TO DO: From the line holding "Coral Fossil Lucky" through the line holding "Sales strategy presentation" below, write out every line exactly; include both of those lines and drop the pictures.
*** Opening of GIVEN RECORDS ***
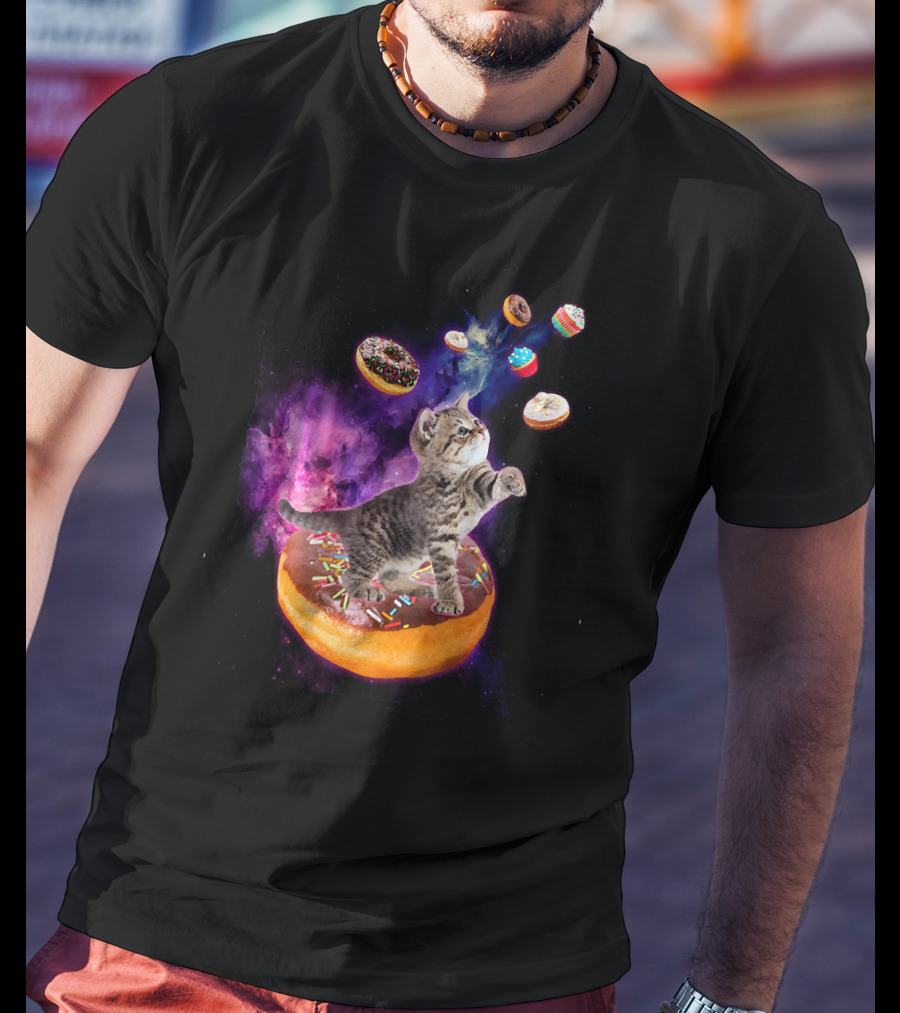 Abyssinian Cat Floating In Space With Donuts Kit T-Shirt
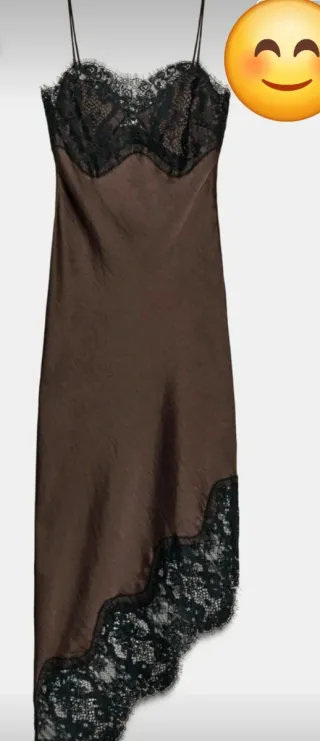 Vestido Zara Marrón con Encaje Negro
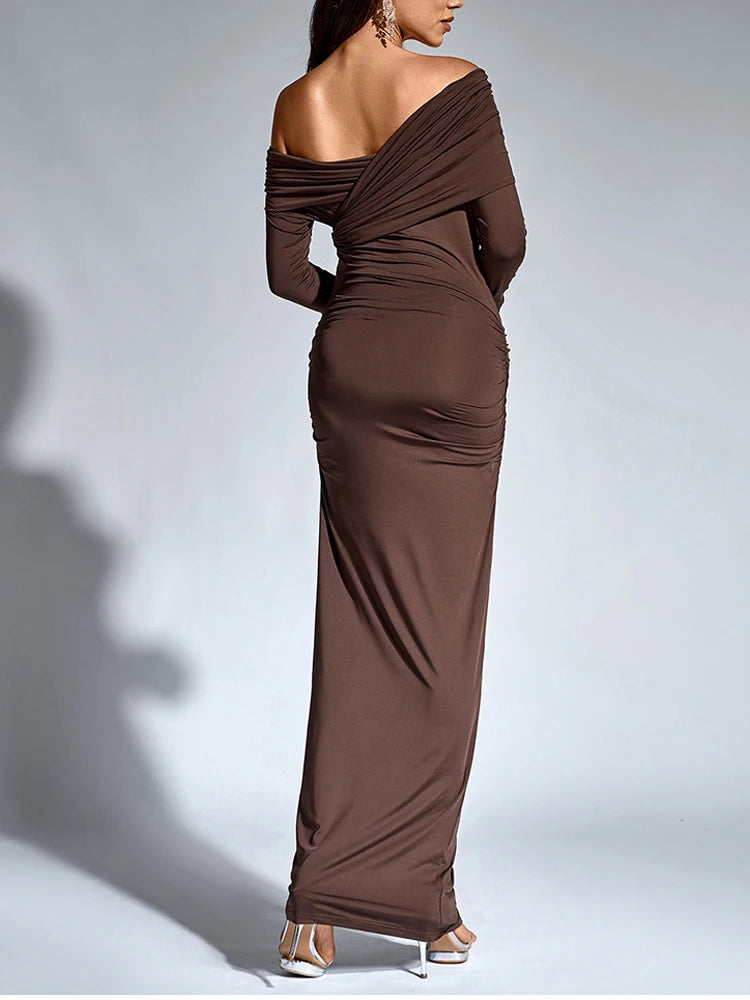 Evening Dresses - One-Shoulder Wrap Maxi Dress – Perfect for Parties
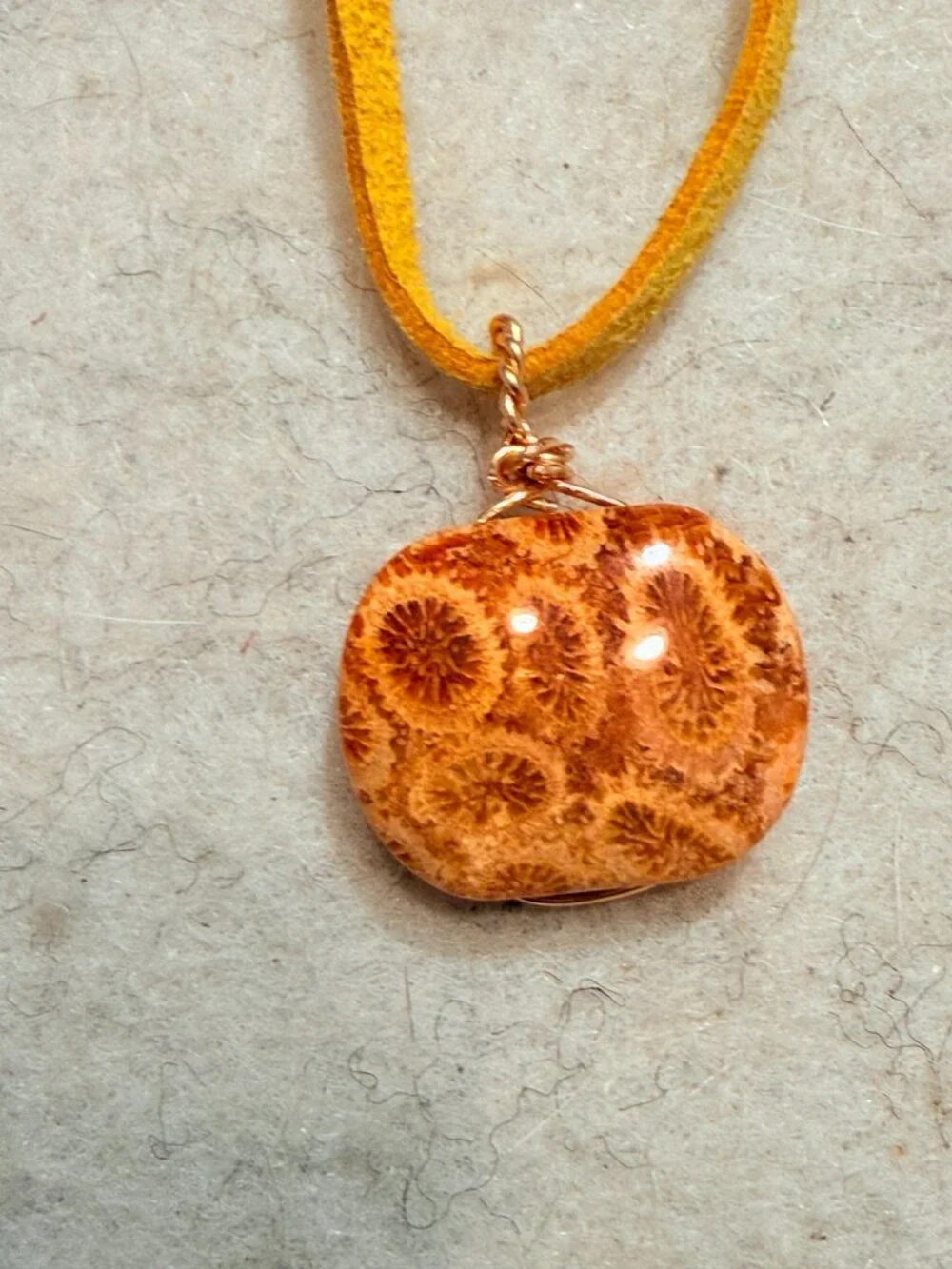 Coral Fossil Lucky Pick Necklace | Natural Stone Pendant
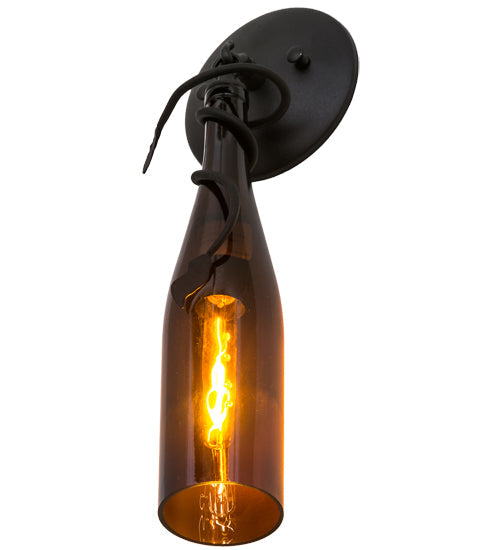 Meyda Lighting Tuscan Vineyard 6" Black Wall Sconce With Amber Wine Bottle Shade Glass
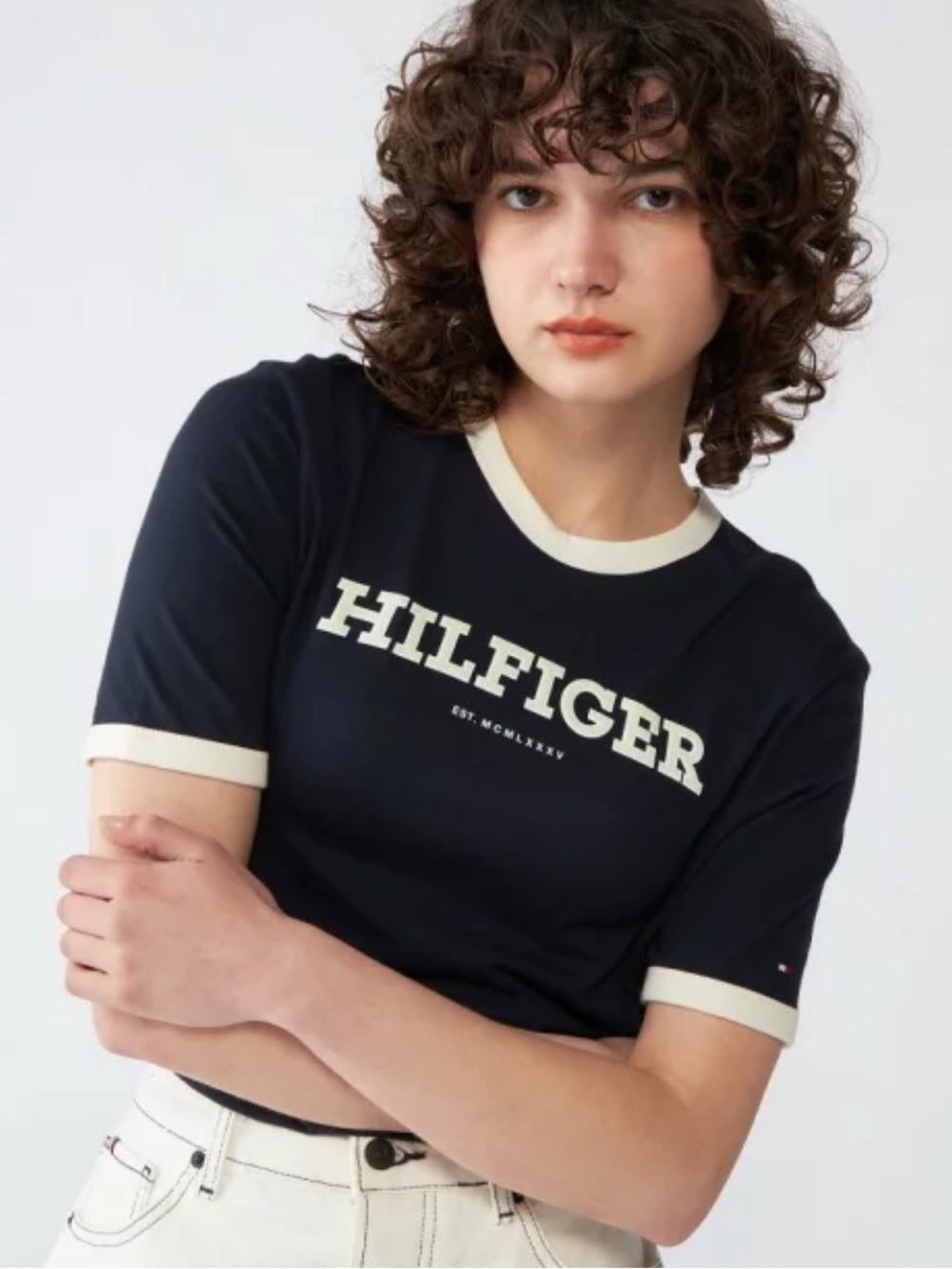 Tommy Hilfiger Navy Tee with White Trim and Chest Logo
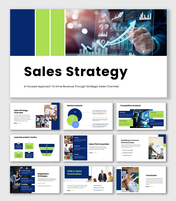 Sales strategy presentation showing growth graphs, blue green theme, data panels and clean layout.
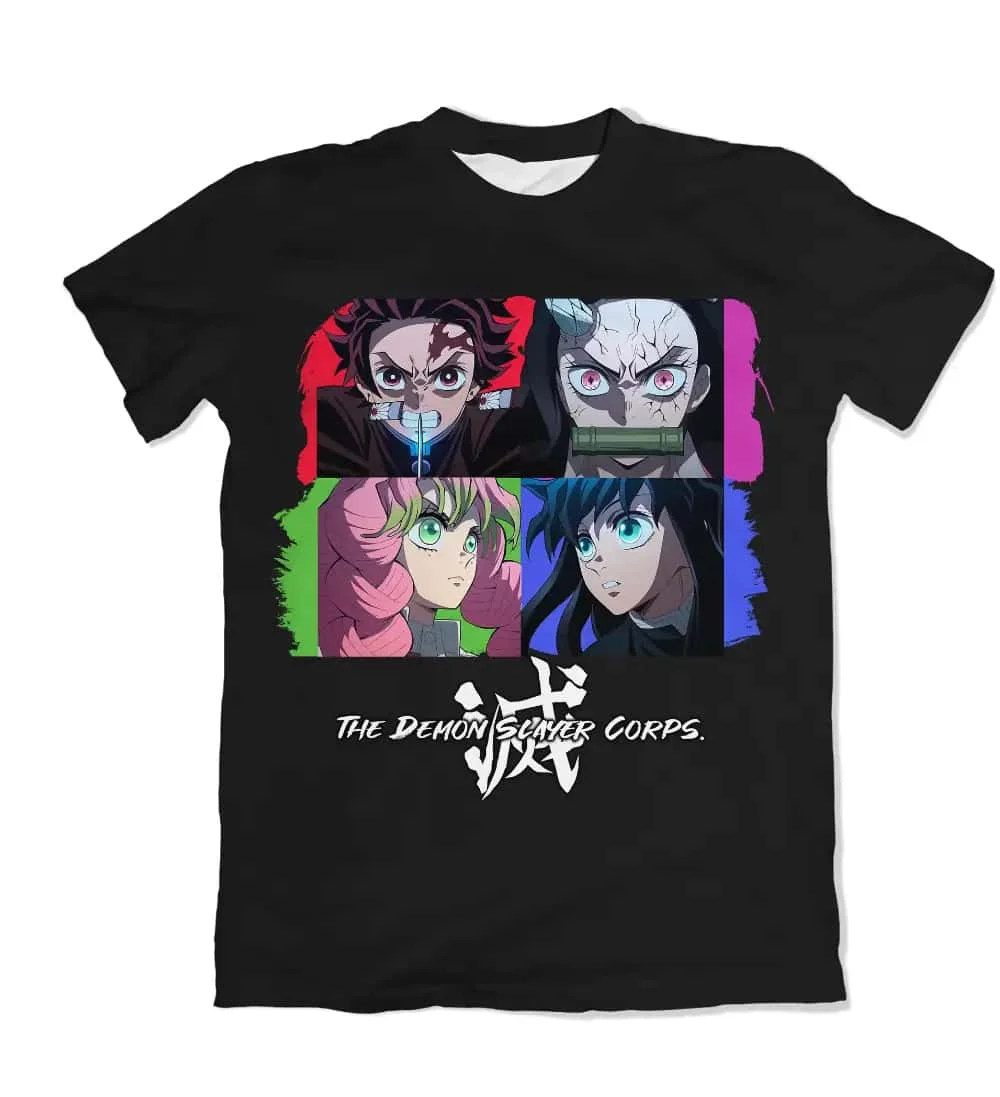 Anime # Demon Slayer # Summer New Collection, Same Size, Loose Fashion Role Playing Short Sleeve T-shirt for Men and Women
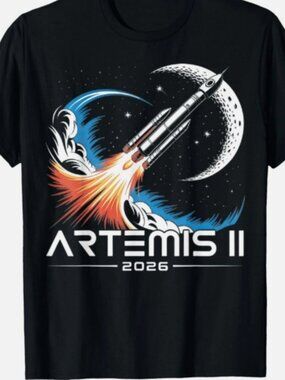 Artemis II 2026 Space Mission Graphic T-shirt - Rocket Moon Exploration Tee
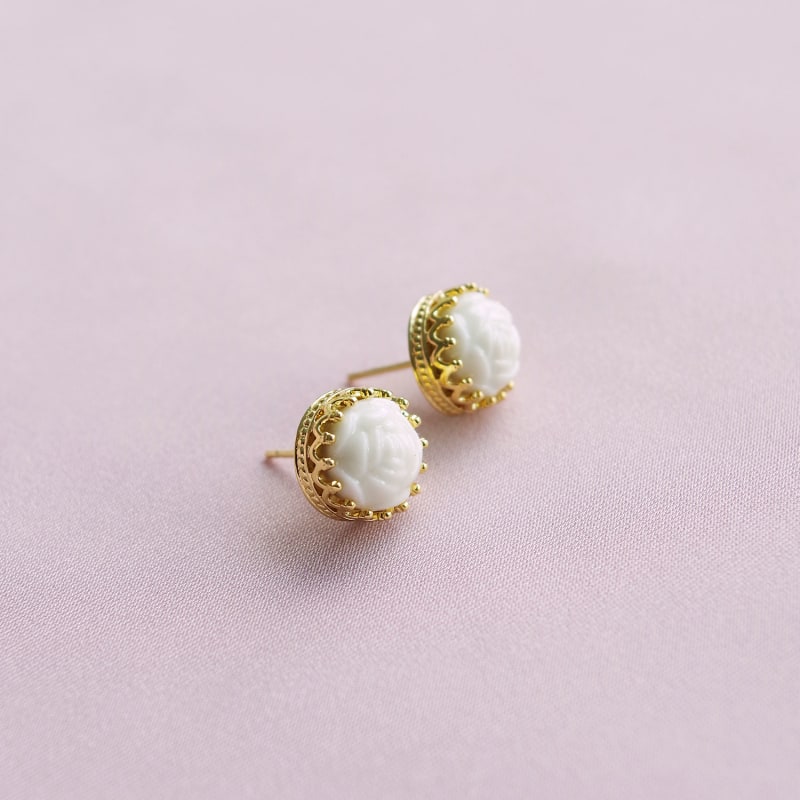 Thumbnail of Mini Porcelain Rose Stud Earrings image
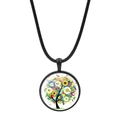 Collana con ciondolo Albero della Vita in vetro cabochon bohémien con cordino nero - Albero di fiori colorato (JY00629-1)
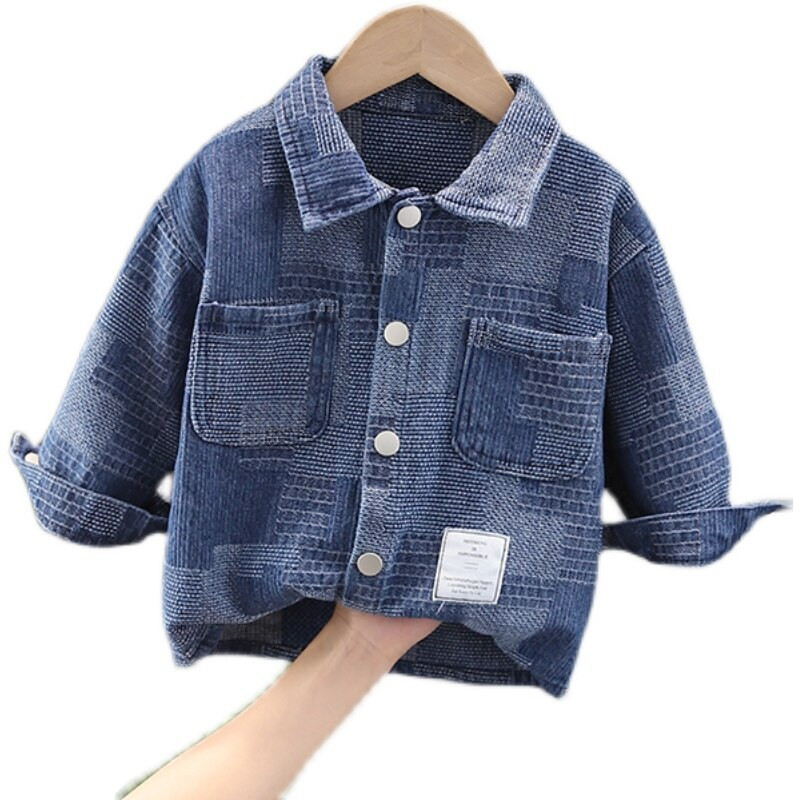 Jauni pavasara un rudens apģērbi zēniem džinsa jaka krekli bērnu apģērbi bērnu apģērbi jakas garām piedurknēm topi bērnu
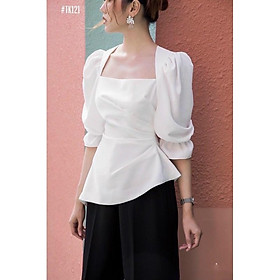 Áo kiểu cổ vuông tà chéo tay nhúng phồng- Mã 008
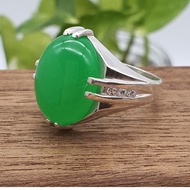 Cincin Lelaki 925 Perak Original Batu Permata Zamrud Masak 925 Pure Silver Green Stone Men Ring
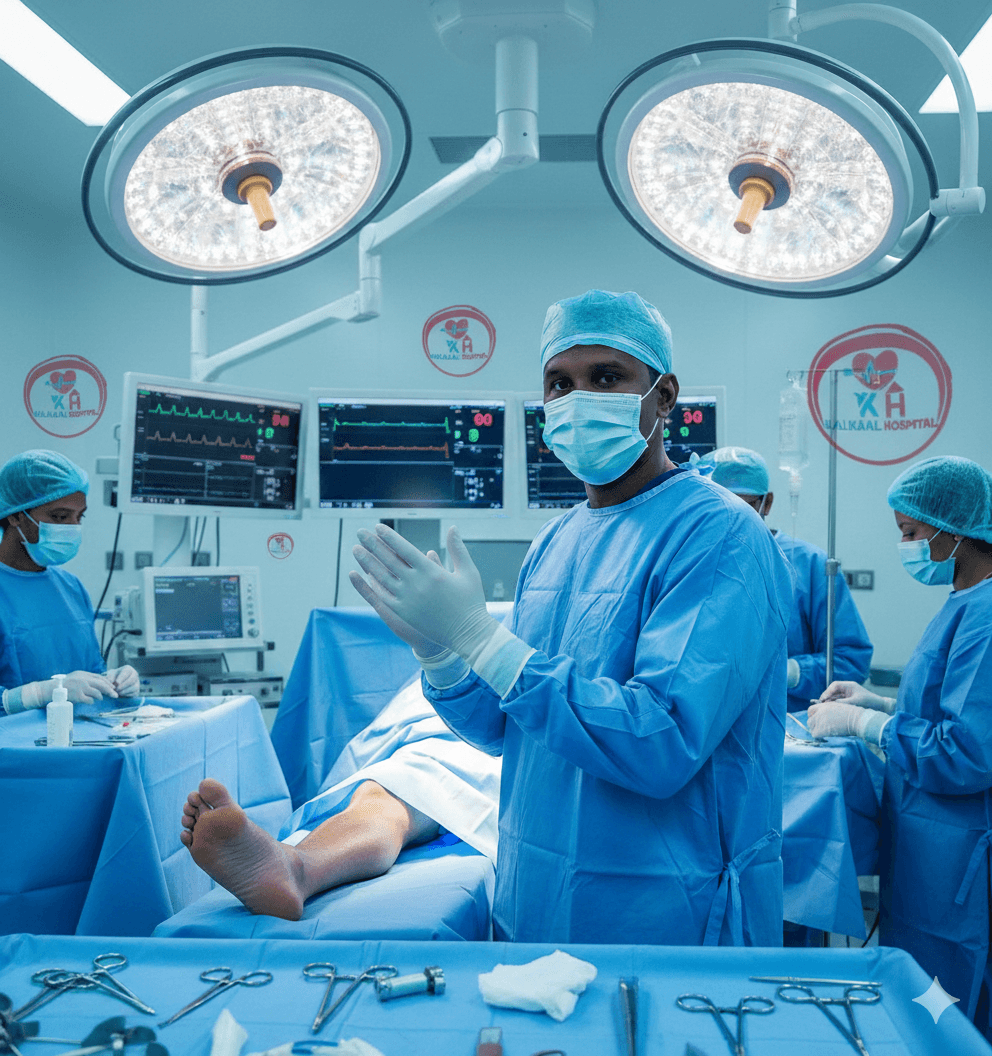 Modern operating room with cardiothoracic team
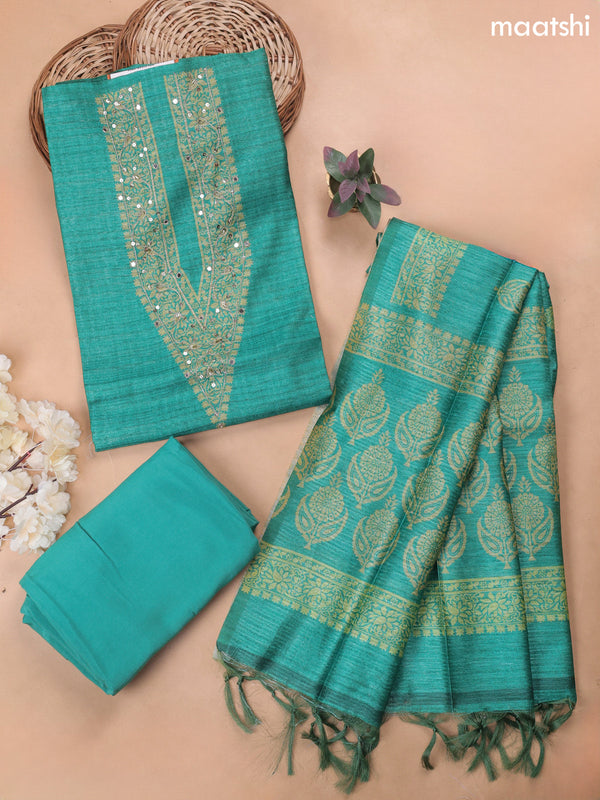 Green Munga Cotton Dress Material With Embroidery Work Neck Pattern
*** Close of GIVEN RECORDS ***
ANSWER FOR THIS EXERCISE:
 Coral Fossil Lucky Pick Necklace | Natural Stone Pendant
 Meyda Lighting Tuscan Vineyard 6" Black Wall Sconce With Amber Wine Bottle Shade Glass
 Tommy Hilfiger Navy Tee with White Trim and Chest Logo
 Sales strategy presentation showing growth graphs, blue green theme, data panels and clean layout.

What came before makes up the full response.